Cache memory is a layer in the memory hierarchy that sits between main memory and processor registers. The main reason for introducing cache memory is that main memory, based on DRAM technology, is much slower than the processor, which is based on static technology. The cache exploits two software features: spatial locality and temporal locality. Spatial locality results from the fact that the processor executes code, which, in most cases, is a sequence of instructions arranged directly one after another. Temporal locality arises because programs often run in loops, repeatedly working on a single set of data over short intervals. In both cases, a larger fragment of a program or data can be loaded into the cache and operated on without accessing main memory each time. Main memory is designed to significantly speed up reading and writing data in blocks compared to accessing random addresses. These properties allow a code fragment to be read in its entirety from main memory into the cache and executed without accessing RAM for each instruction. For data, the processor performs calculations after reading a block into the cache, then stores the results in a single write sequence.

In modern processors, the cache is divided into several levels, usually three. The first-level cache (L1) is the closest to the processor, the fastest, and is usually divided into separate instruction and data caches. The second-level cache (L2) is shared, slower and usually larger than the L1 cache. The largest and the slowest is the third-level cache (L3). It is closest to the computer's main memory. An average L1 cache latency is 1-2 ns, L2 is 3-5 ns, and L3 is 10-20 ns. An example i7 processor, for each core, has 32 KB of L1 code cache, 32 KB of L1 data cache, and 256 KB of L2 cache for both code and data. The third-level cache (L3) is 8 MB and is shared by all cores.
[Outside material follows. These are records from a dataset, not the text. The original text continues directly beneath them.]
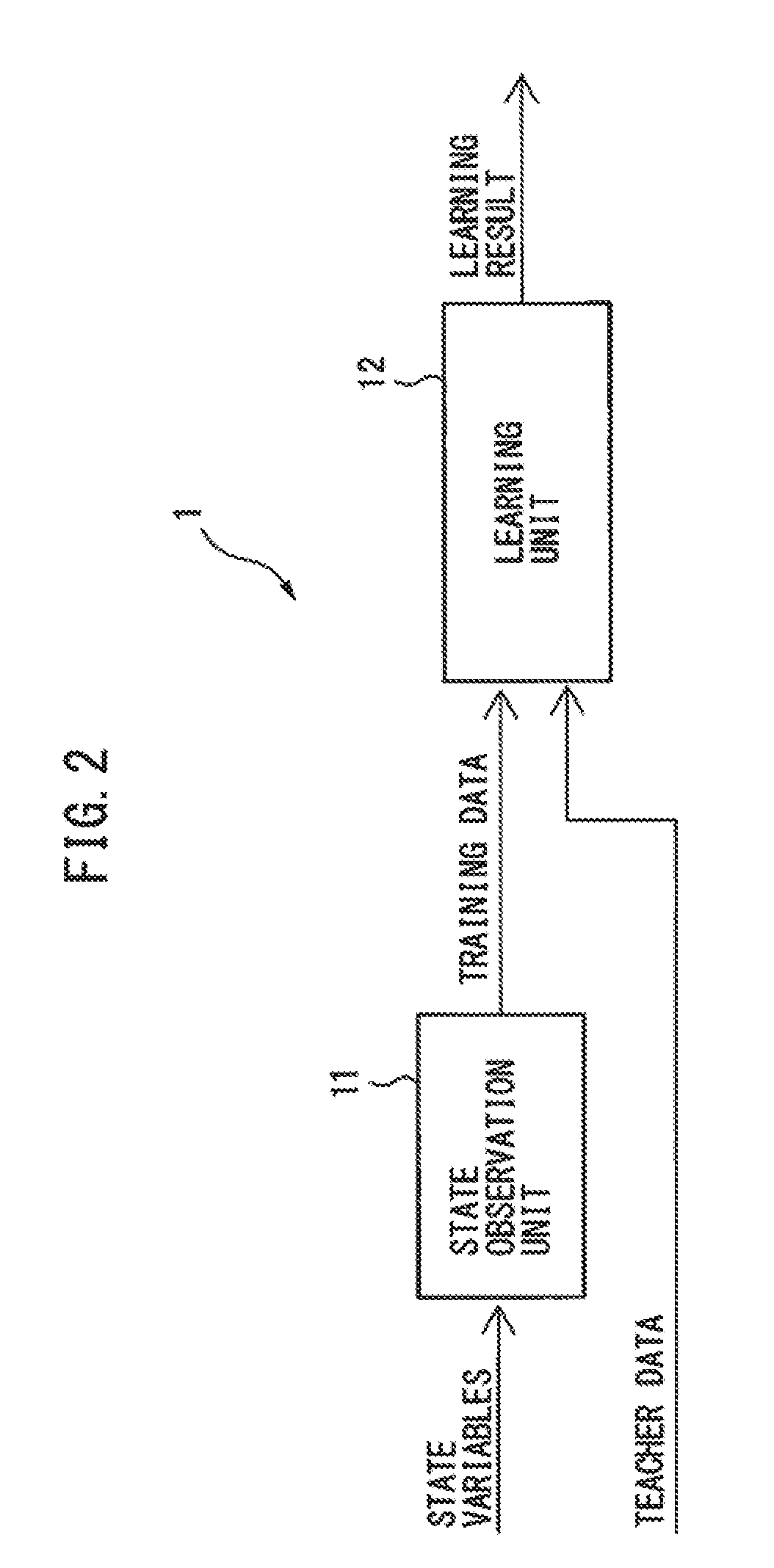 Machine learning apparatus, life prediction apparatus, numerical control device, production system, and machine learning method for predicting life of NAND flash memory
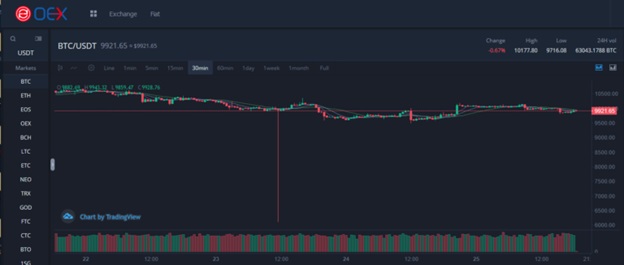 BTI Report Shows Heavy Wash Trading on Crypto Exchanges, Raises Alarm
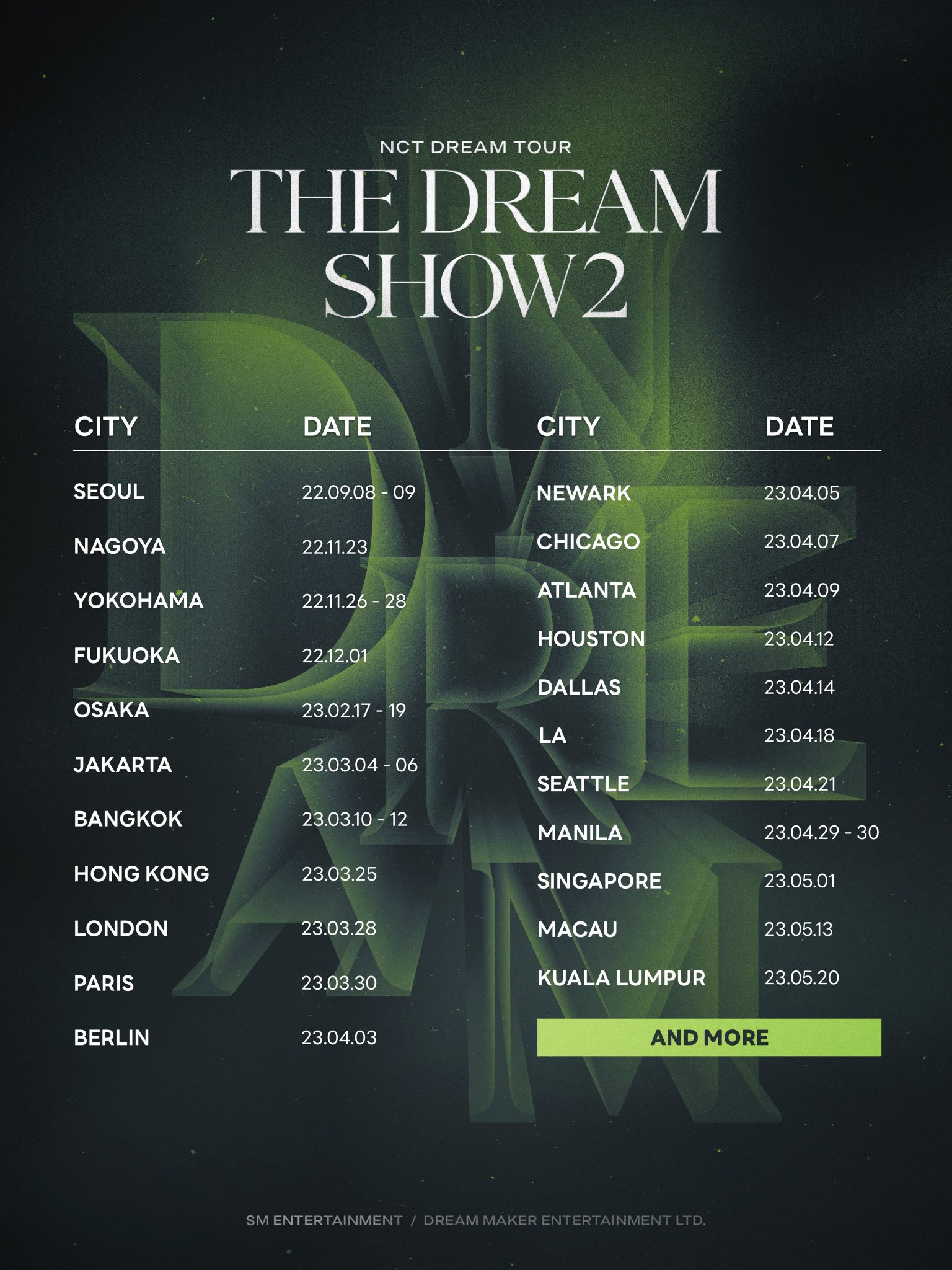 Jadwal Konser Tur Dunia NCT DREAM 2023 di AS, Eropa, dan Asia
Besides size, important cache parameters are line length and associativity. Length of the line is usually expressed in bytes. It indicates how many bytes are stored in the smallest possible data fragment. It also determines at which addresses in main memory such a data fragment starts. For example, if the cache line length is 64 bytes and memory is byte-organised, the block of memory copied to cache always starts at an address evenly divisible by 64. Associativity tells how many cache lines can be used to store the block from a specific address. If the block can go to any cache line, the cache is fully associative. If there is only one possible location, the cache is named direct-mapped. A fully associative cache is more flexible, but complex and expensive. A direct-mapped cache is simple, but it can cause data conflicts when two blocks of memory that should go to the same cache line are loaded. In real processors, the compromise solution is often implemented, which enables storing each block in 2, 4 or 8 different cache lines. It is named 2-, 4- or 8-way associative cache. This solution significantly reduces conflicts and ensures good performance at a reasonable cost.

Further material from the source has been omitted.